About this task
Quote the listing in full, exactly as given, minus any pictures.

Available data
•••••
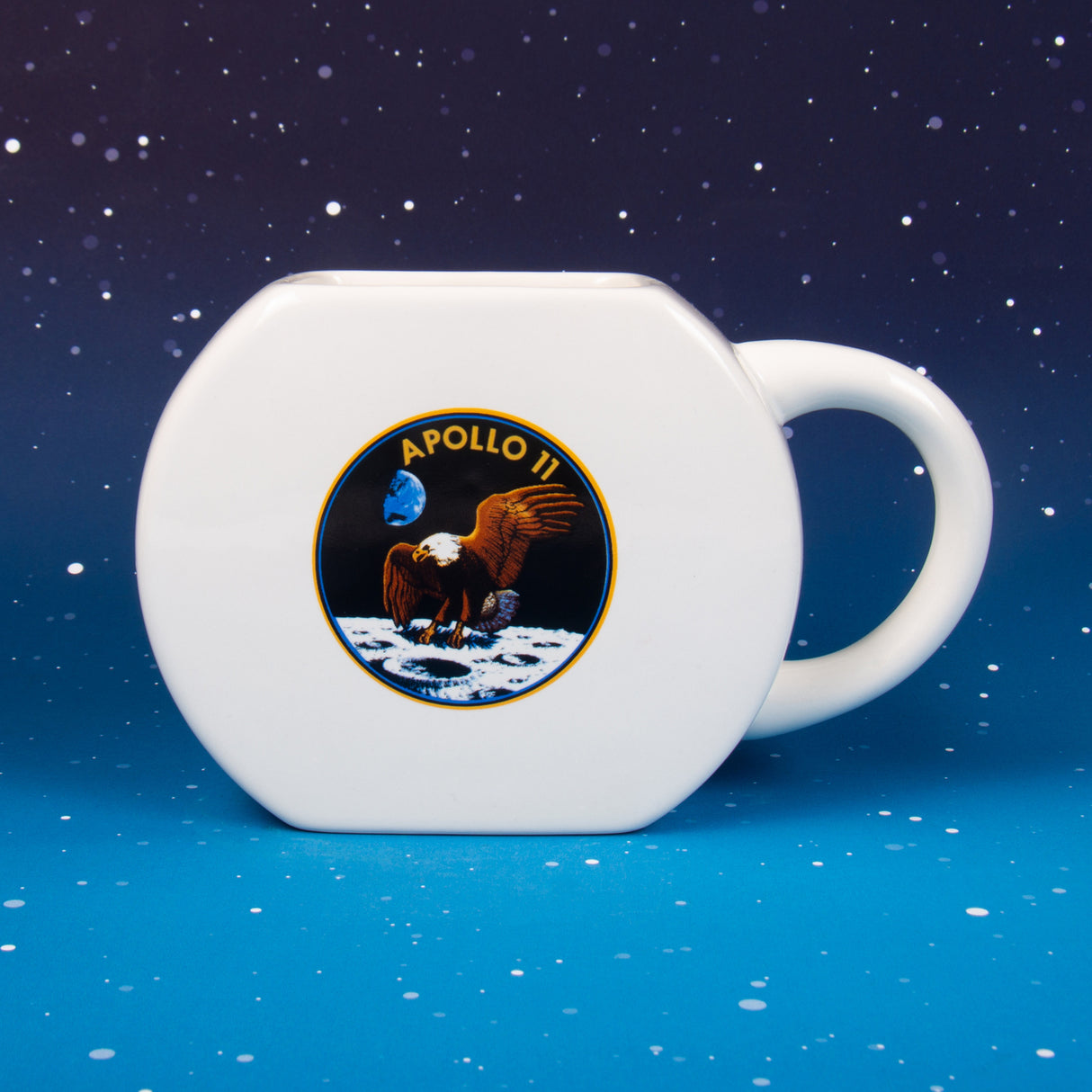 NASA Logo Astronauten Kaffeebecher mit Mond-Puzzle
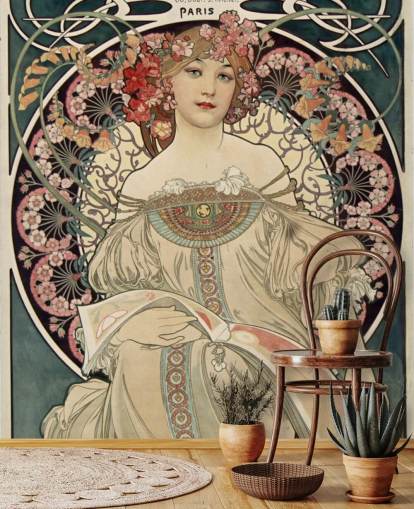 Kunstmalerei namens F. Champenois Imprimeur-Editeur von Alphonse Mucha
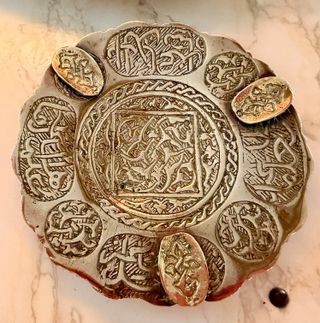 Lote bandejas y cuencos vintage cobre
•••••
Output of the task
 NASA Logo Astronauten Kaffeebecher mit Mond-Puzzle
 Kunstmalerei namens F. Champenois Imprimeur-Editeur von Alphonse Mucha
 Lote bandejas y cuencos vintage cobre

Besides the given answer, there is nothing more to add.